_Records supplied_
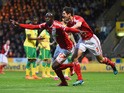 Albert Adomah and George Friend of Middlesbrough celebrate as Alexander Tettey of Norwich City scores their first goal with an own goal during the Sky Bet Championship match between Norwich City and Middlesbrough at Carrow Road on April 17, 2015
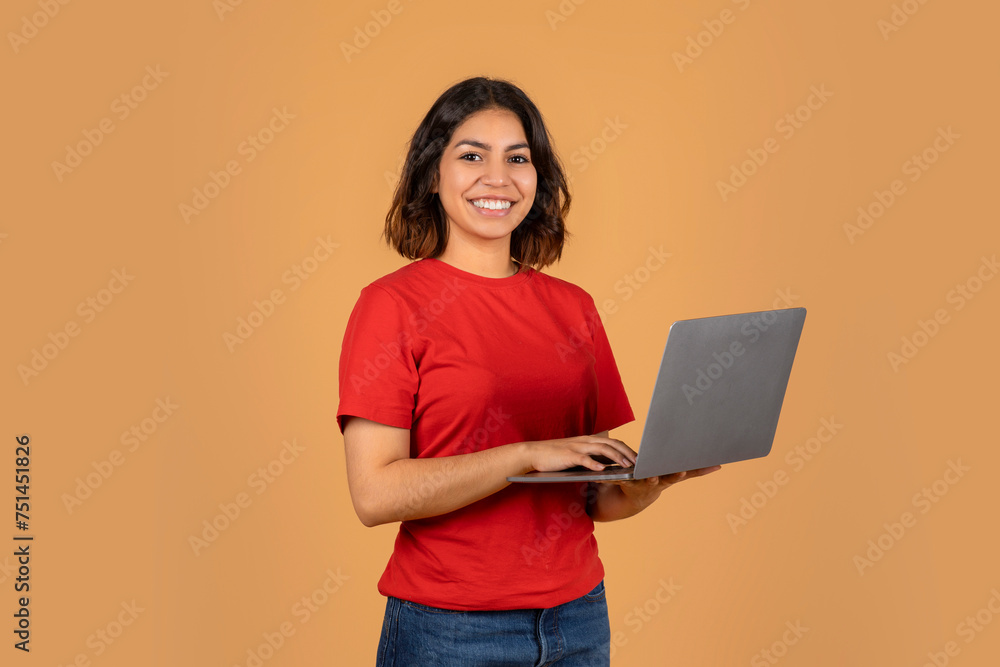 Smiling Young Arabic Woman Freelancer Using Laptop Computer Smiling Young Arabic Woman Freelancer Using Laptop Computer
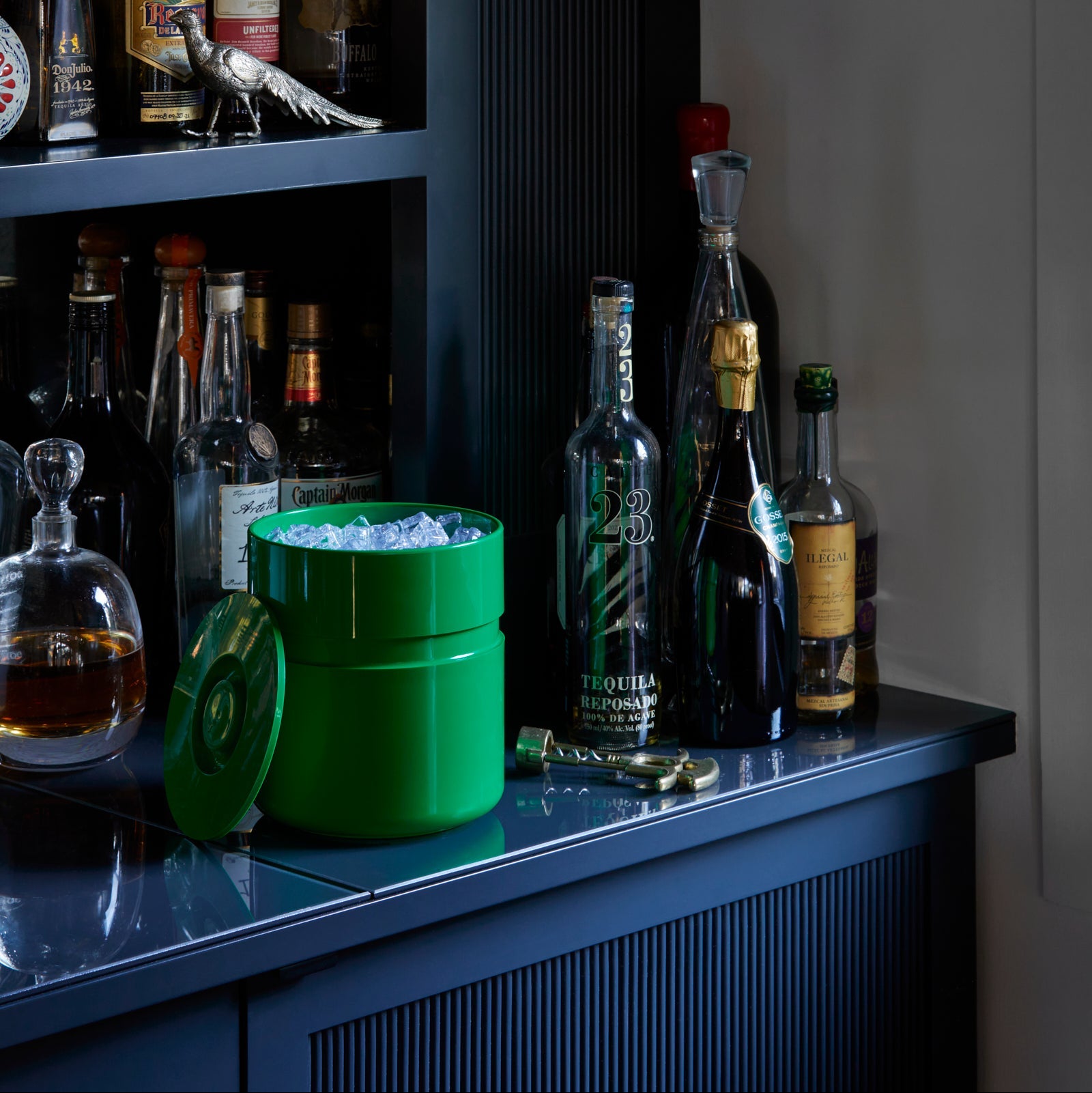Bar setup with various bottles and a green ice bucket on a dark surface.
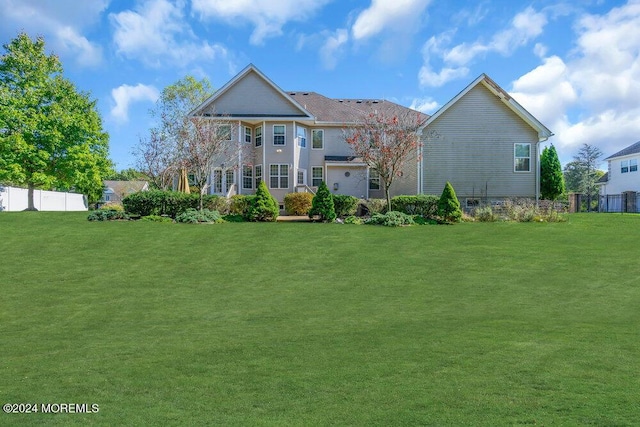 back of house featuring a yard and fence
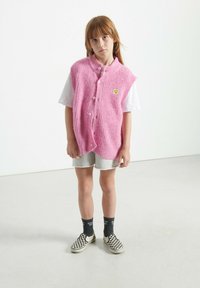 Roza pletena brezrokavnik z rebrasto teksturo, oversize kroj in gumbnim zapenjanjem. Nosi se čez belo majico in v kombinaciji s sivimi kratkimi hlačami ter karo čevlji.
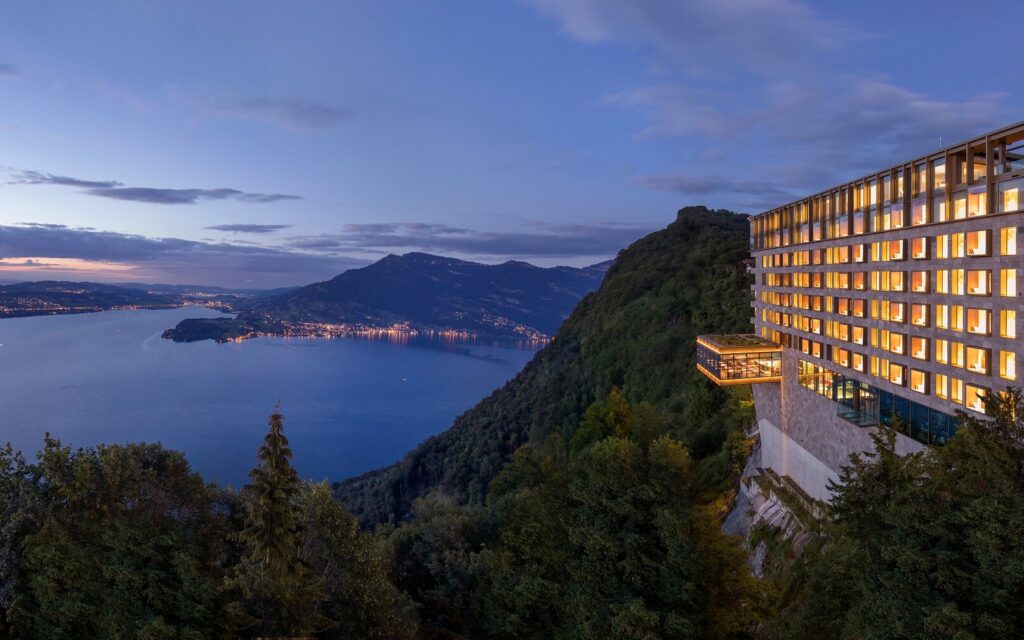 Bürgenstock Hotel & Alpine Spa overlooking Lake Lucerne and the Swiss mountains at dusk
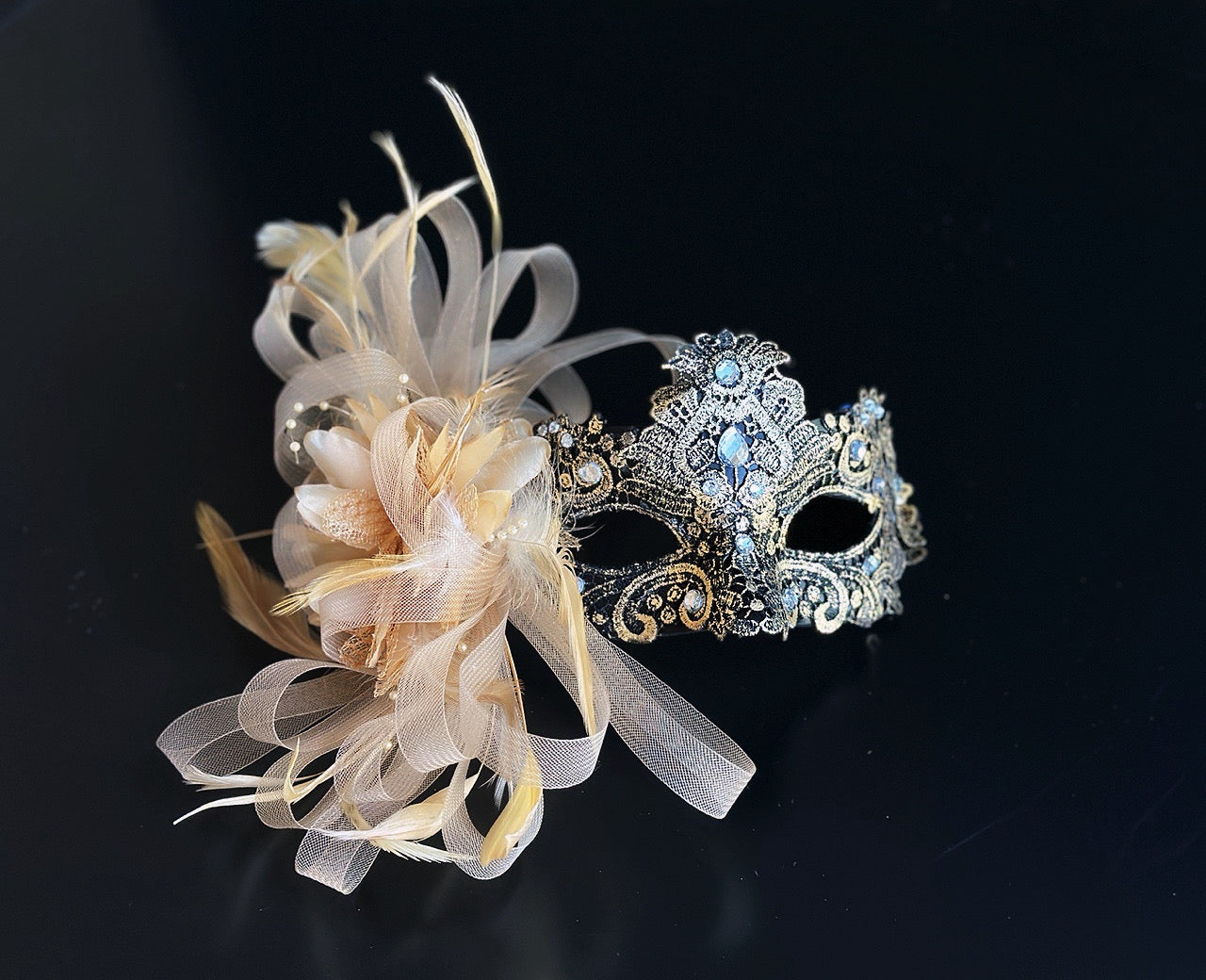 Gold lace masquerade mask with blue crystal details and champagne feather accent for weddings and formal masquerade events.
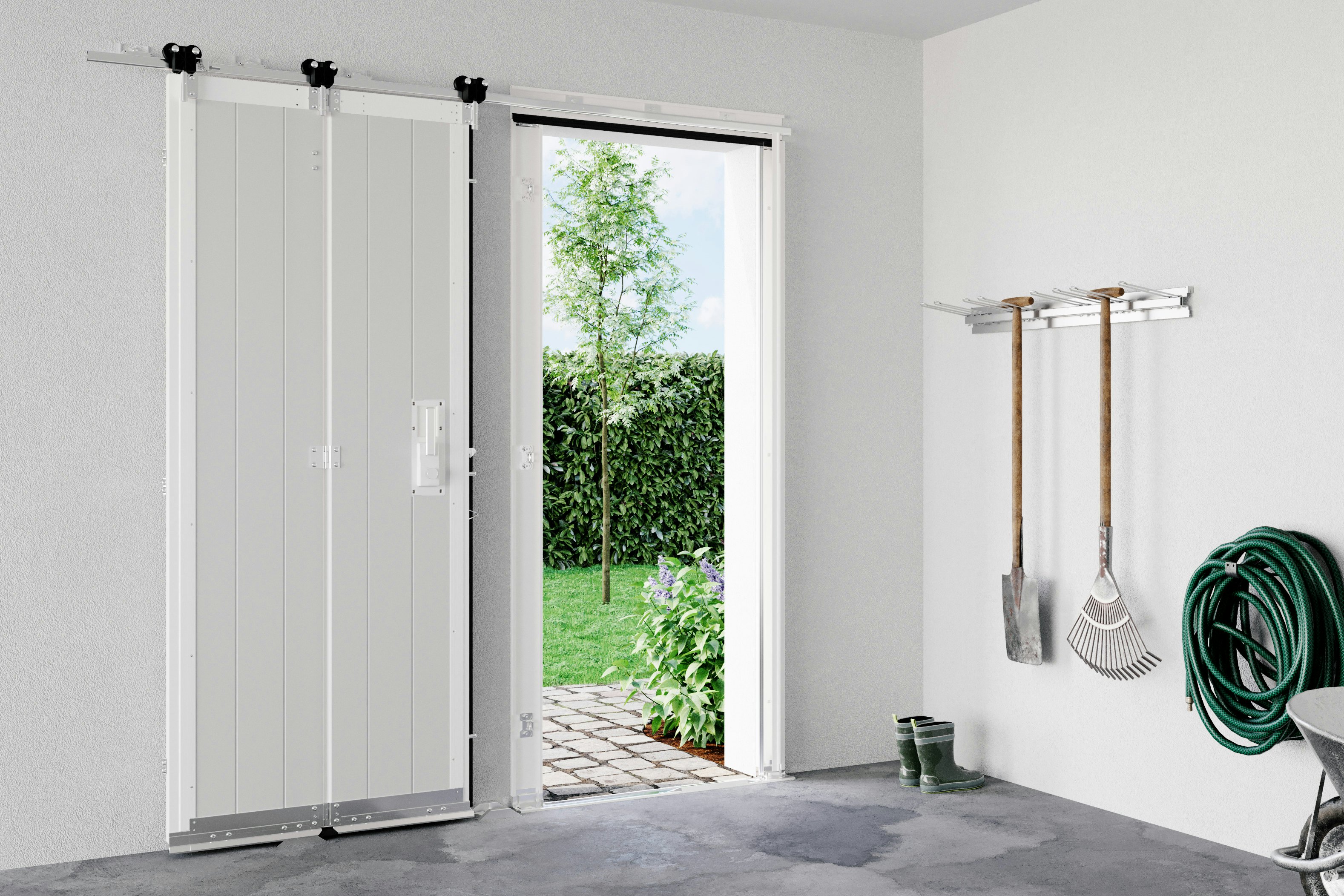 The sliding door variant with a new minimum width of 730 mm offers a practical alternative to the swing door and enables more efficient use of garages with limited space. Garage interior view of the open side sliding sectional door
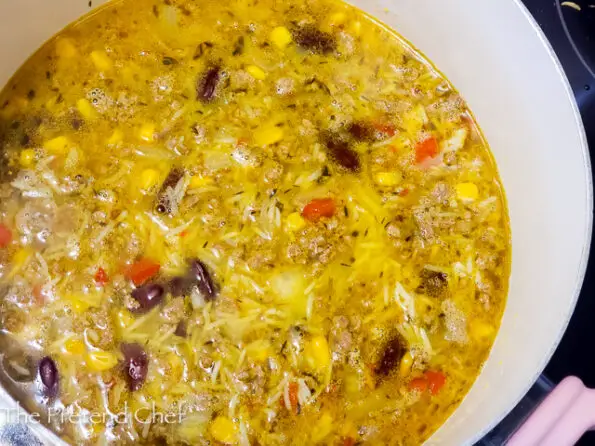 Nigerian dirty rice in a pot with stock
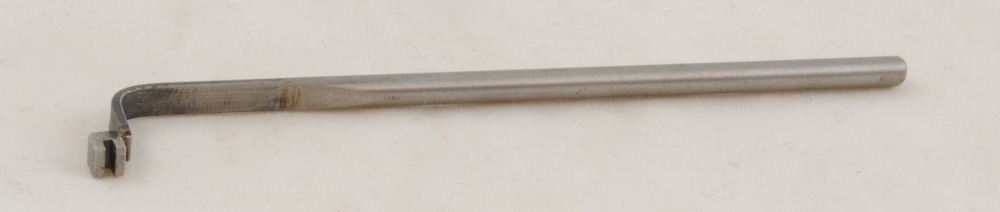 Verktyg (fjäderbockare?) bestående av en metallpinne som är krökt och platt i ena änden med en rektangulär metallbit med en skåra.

_Problem requirements_
Exactly repeat only the lines from the one with "The sliding door" to the closing line above, both included, and omit every picture.

_Response to this task_
 The sliding door variant with a new minimum width of 730 mm offers a practical alternative to the swing door and enables more efficient use of garages with limited space. Garage interior view of the open side sliding sectional door
 Nigerian dirty rice in a pot with stock
 Verktyg (fjäderbockare?) bestående av en metallpinne som är krökt och platt i ena änden med en rektangulär metallbit med en skåra.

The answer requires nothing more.